One-fourth of the Fab Four marks the oldest man to headline the Pyramid Stage, with Paul McCartney trooping out a procession of Wings and Beatles tracks at Glastonbury.
What a tremendous experience it was to watch, at first, with plenty of ground covered in a glittering career with at least a handful of hits for every decade.
With such a backlog of tracks the real test of McCartney is not his endurance and energy but of which songs to play.
Naturally, the heavy-hitters are in there - from an opener of Can’t Buy Me Love to the usual suspects of Wings classics Band on the Run and Live and Let Die.
Old songs, new songs, “in-betweeners,” and a great time is had by the tens of thousands rallied around the stage and the many more watching at home.
Those old songs earmarked by Got to Get You Into My Life, and his newer tracks from the excellent Egypt Station LP are worth sticking around for.
Hearing Let Me Roll It, though, that’s something else. There is something tremendously special for the generation born with this music and those that followed by listening to it decades later.

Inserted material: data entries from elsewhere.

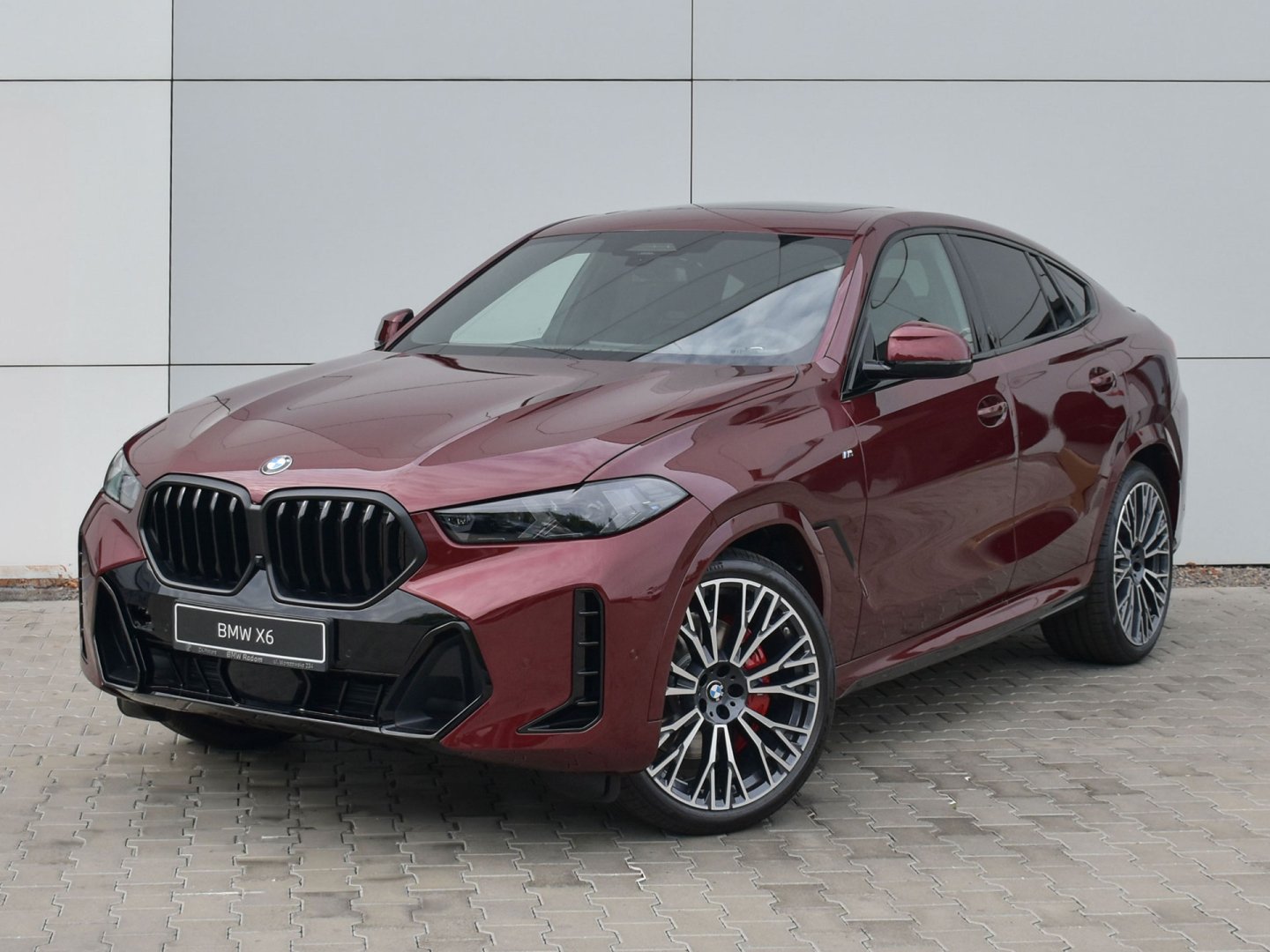 31EX - G06 40i xDrive
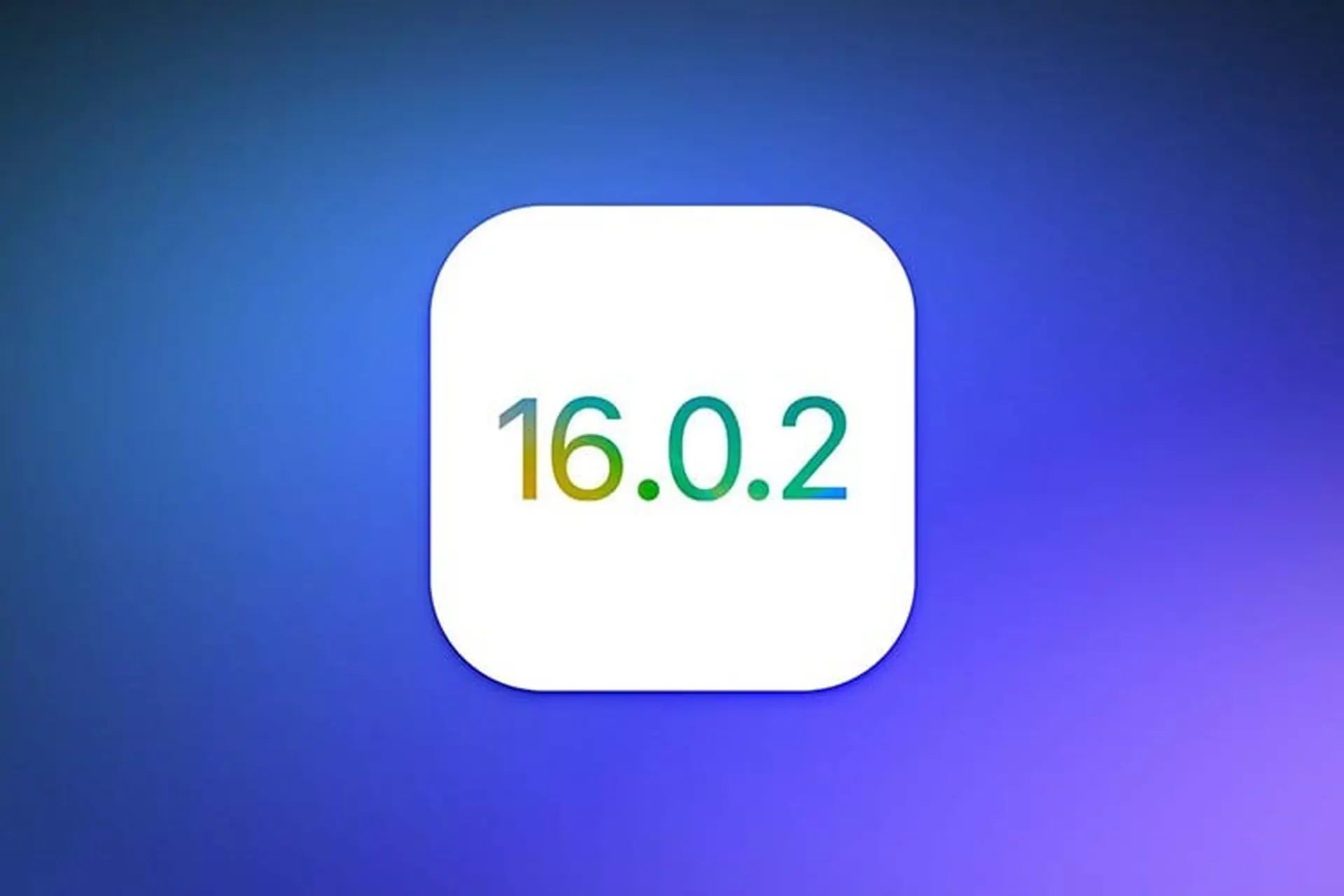 Apple chặn người dùng hạ cấp về iOS 16.0.2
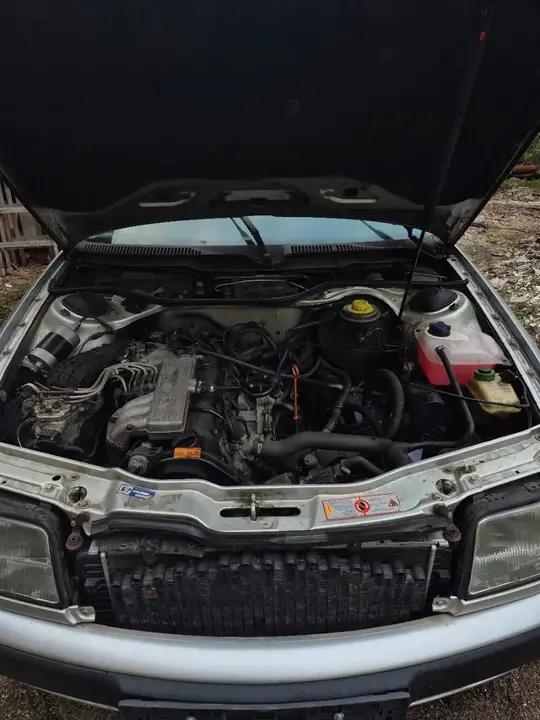 Audi 100 1991 photo 3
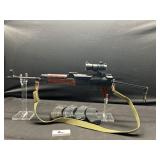 Century Arms w/Magwedge Rail AK VZ2008 Sporter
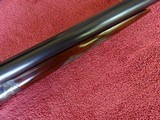 A H FOX, PHIL., 16 GAUGE AND 20 GAUGE 2 BARREL SET - 14 of 15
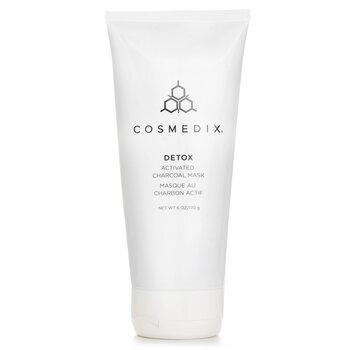 CosMedix Detox Activated Charcoal Mask Salon Size 170g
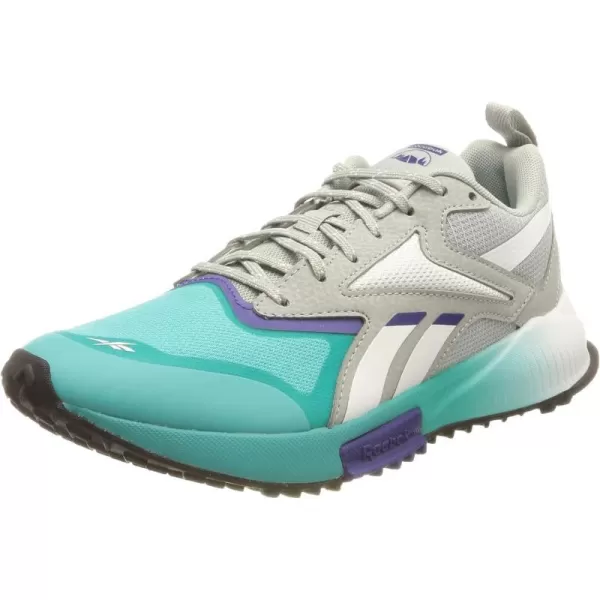 Reebok Womens Ever Road DMX 30 Cross TrainerClassic Teal Pure Grey 3 Bold Purple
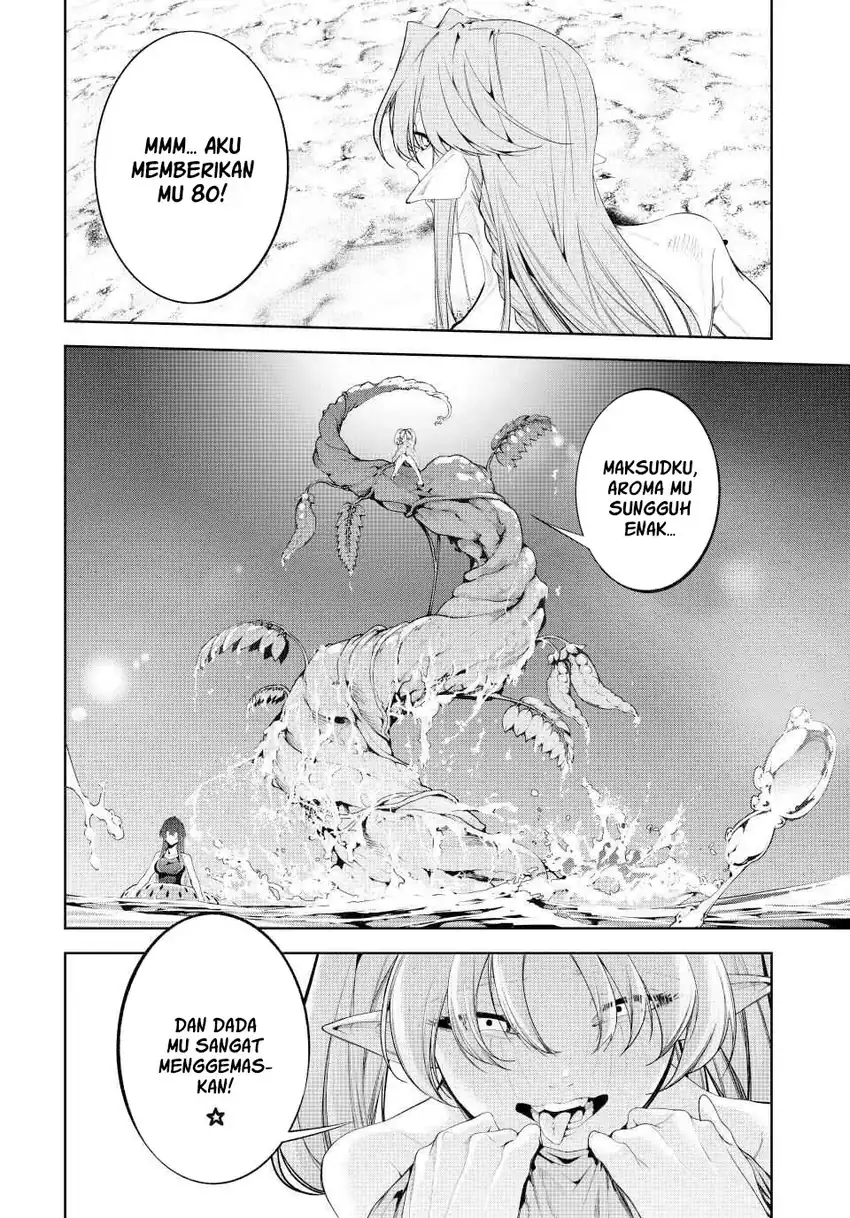Baca Tsue to Tsurugi no Wistoria - Chapter 65 halaman 22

McCartney’s voice has, obviously, changed - but neither for the better nor the worse. He has an admirable skill as a vocalist and instrumentalist highlighted best of all by the Band on the Run era of his work.
For those mumbling about how his voice has taken a downward turn in recent years - perhaps it is because the point of reference is usually a comparison to pieces McCartney made when he was five decades younger.
Plenty of newer, solo endeavours are thrown into this lengthy set, with Dance Tonight making for a nice, closely-knit bit of slower, country-style feeling.
Watching a legend of the industry at work will never get old, with McCartney and company displaying such a natural ability that has stretched out over so many decades - Nineteen Hundred and Eighty Five sounds as fresh and engaging as it always does.
McCartney described the “black hole” response from the audience that comes from the newer material - but New and Dance Tonight outweigh some of The Beatles cover choices found later in the set.
This is not a greatest hits performance for The Beatles and Wings member, but an exploration of his discography as McCartney sees fit - from Let ‘em In to an outing from Kisses from the Bottom, dedicating My Valentine to wife Nancy.
No rendition of Coming Up is included in this monumental headliner show, and all would be lost had it not been for the incredible cover of George Harrison’s Something.
An inevitable outing of Band on the Run was all over the place, with Dave Grohl and McCartney battling it out for vocal prominence on a track that didn’t need The Foo Fighter frontman attempting to upstage The Beatles and Wings legend.
Still, Bruce Springsteen’s appearance made for quite the welcome surprise, although the length of the set was startling and, at times, meandering.
No perfect setlist is going to feature For the Benefit of Mr. Kite, let’s be fair, especially not when it starts winding down, rising up, and going on and on and on.
As tender a performance as many were expecting, McCartney’s second time headlining the Pyramid Stage is an infectiously fun and historic opportunity to fuse generations old and new together under the umbrella of one of the world’s greatest songwriters, even if it did need a half-hour chopping off the runtime.